Records drawn from a dataset:
--- START ---

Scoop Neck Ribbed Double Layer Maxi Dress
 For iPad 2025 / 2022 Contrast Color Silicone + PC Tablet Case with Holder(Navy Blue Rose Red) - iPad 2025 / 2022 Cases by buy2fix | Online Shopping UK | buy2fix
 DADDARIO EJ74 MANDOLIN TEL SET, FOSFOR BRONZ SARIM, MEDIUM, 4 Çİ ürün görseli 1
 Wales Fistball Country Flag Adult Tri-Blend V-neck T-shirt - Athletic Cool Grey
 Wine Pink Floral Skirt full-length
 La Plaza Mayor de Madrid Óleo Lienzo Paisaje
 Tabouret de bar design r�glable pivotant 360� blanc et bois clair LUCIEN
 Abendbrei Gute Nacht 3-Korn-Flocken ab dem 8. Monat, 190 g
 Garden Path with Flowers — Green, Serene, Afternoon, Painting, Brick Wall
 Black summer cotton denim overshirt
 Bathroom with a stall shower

--- END ---

Give the entries again in full, exactly as they were written above.

Scoop Neck Ribbed Double Layer Maxi Dress
 For iPad 2025 / 2022 Contrast Color Silicone + PC Tablet Case with Holder(Navy Blue Rose Red) - iPad 2025 / 2022 Cases by buy2fix | Online Shopping UK | buy2fix
 DADDARIO EJ74 MANDOLIN TEL SET, FOSFOR BRONZ SARIM, MEDIUM, 4 Çİ ürün görseli 1
 Wales Fistball Country Flag Adult Tri-Blend V-neck T-shirt - Athletic Cool Grey
 Wine Pink Floral Skirt full-length
 La Plaza Mayor de Madrid Óleo Lienzo Paisaje
 Tabouret de bar design r�glable pivotant 360� blanc et bois clair LUCIEN
 Abendbrei Gute Nacht 3-Korn-Flocken ab dem 8. Monat, 190 g
 Garden Path with Flowers — Green, Serene, Afternoon, Painting, Brick Wall
 Black summer cotton denim overshirt
 Bathroom with a stall shower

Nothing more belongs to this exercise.